Today I learned of a Freudian concept with a
built-in Kafka trap.
Among the intellectual defenses against analysis are a refusal to accept the logic of emotions, attempts to refute the theory of psychoanalysis,[19] or speculating about one's own problems rather than experiencing them and attempting to change.[20]...
A woman in therapy continues to theorise her experience to her therapist – 'It seems to me that being psycho-analysed is essentially a process where one is forced back into infantilism...intellectual primitivism' – despite knowing that she 'would get no answer to it, or at least, not on the level I wanted, since I knew that what I was saying was the "intellectualising" to which she attributed my emotional troubles'.[33]
I'm often critical of the theory of psychoanalysis, especially Freudian analysis. It's characteristic of Freudian theories that you can't prove you aren't sick; they used to make movies about that, back when involuntary psychiatric imprisonment was a thing. You say you don't have an Oedipal complex, sir? Well, that's a sign that you're repressing it, and that's even more dangerous!
Here we get a pure form of
the Kafka trap, though. The Kafka trap is (as I imagine all of you know) the kind of a trap in which declaring your innocence proves your guilt. The only way to prove yourself correct is to admit guilt, in which case, of course, you're declared guilty. In this case, the very act of questioning the validity of the theory under which you stand accused proves that you're guilty of the accusation. That blog post describing a Kafka trap would certainly be said to be an act of 'intellectualization'; any attempt by the author to refute the theory, for example in order to establish that this was a correct description of the world rather than a psychological defense mechanism, would be taken as evidence that they were involved in psychological defenses.
That's a problem because, as always, Freudian concepts are
fielded as weapons.
Generally, you can only intellectualize when your body and life are safe.
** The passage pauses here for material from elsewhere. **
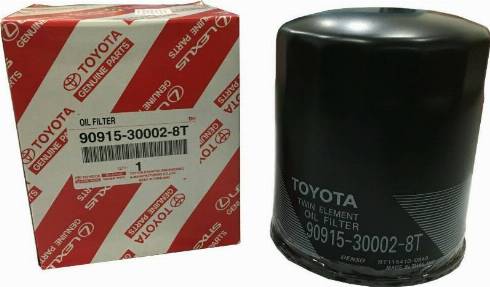 TOYOTA 90915-30002 - Oil Filter onlydrive.pro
So it makes sense that people who are white, male, heterosexual, or able-bodied, are quickest to adopt intellectualization, while those who are brown and black, non-male, queer or who have a disability are so clearly angry, sad, and scared.
As a white female, I was raised with this idea that if you want to be heard, you have to be emotionless. It’s infused in our culture, that the rational, emotion-free argument is the best type of argument. The qualities of detached rationality are generally attributed to white men, and so white men are unconsciously taught to believe themselves to be fair and unbiased arbiters of all situations. Which is how you get seven white men signing away the healthcare rights of women around the world....
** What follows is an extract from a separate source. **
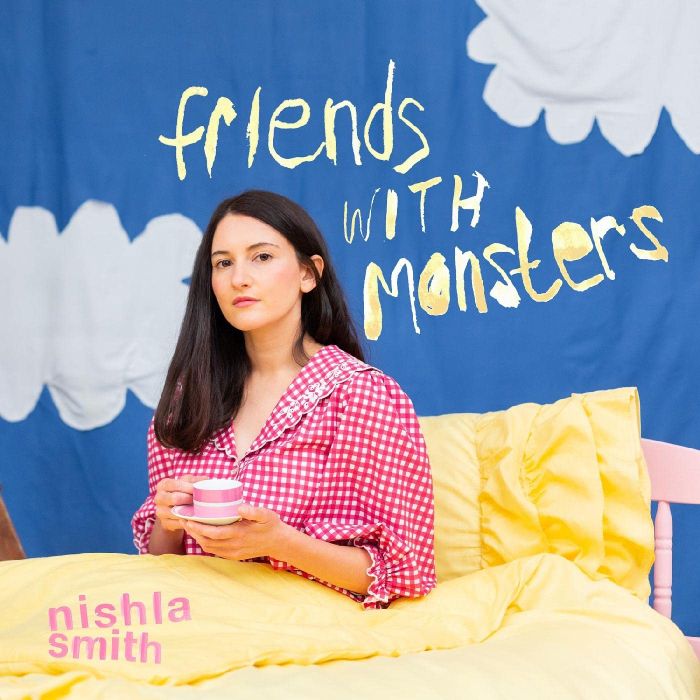 NISHLA SMITH - FRIENDS WITH MONSTERS (PINK MARBLE VINYL)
Then I became both a therapist and a feminist, at the same time.... I got called a bitch and accused of PMS-ing and laughed at and mocked–but I also found my people. I found whole humans who knew that we cannot bring ourselves to any conversation without bringing our bodies and real emotions.
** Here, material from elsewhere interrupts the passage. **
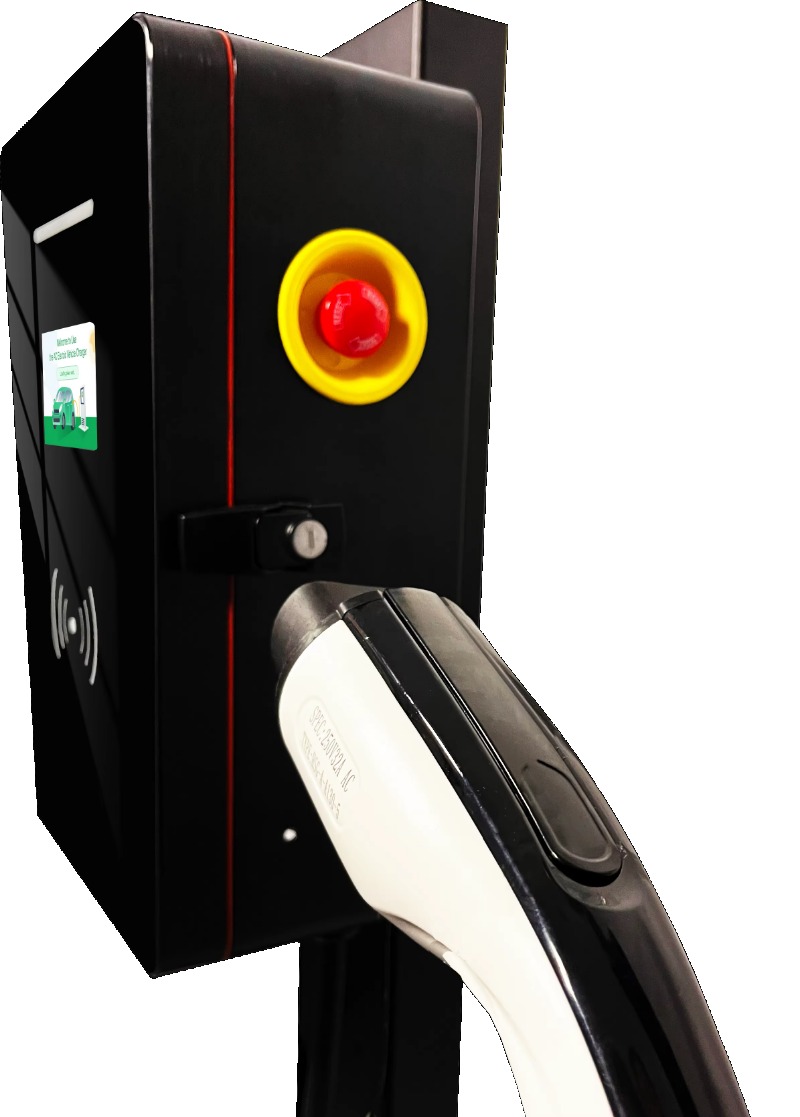 7kW 14kW 22kW Dual  Wall-Mount - Ev Charger ulasan dan harga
The opening assumption is wrong, but I can see why she assumes it. Just the other day a feminist on a college campus
flew into a rage and physically attacked some anti-abortion protesters. (
Not for the first time.) This would be said to be 'expressing her real, deep pain,' in a 'bodied' way; which is to say, the violence would be licensed. And, indeed, the police did not even handcuff this slight female who repeatedly punched a man in the head. The news report describes her as having been 'arrested,' but if you watch the video you see the police explaining that they're just giving her a citation "which is the same thing as an arrest." Except for the arresting. So for her, it probably does seem like she can only intellectualize if she feels safe; when she doesn't feel safe, she must 'act out her real feelings' using her 'body.'
But if a man like
me lashes out violently at another person, the police are going to respond very differently. We would certainly be arrested -- actually arrested, taken away in chains and booked -- and possibly not released on bail before the trial, if a judge considered us at risk of lashing out violently again. As I've related before, the last time I got pulled over the cops immediately assumed bracketing fire positions, hands on their guns.
For a man like me, the ability to set aside emotion and respond intellectually is the only thing that creates safety. If I respond with my real emotions and body, I might well get killed by defense mechanisms society has built for that express purpose. As the recent book
The Goodness Paradox points out, civilization and morality seem to have come to be in order to license and enable the killing of strong males. A male who cannot restrain his 'real emotions' and 'body' is subject to potentially deadly force by police, at essentially all times.
So I guess in that sense it is a 'defense mechanism,' but not a Freudian one. It's a real defense. It creates
actual safety where otherwise there is grave peril. And that's not a bad thing, all psychoanalysis aside.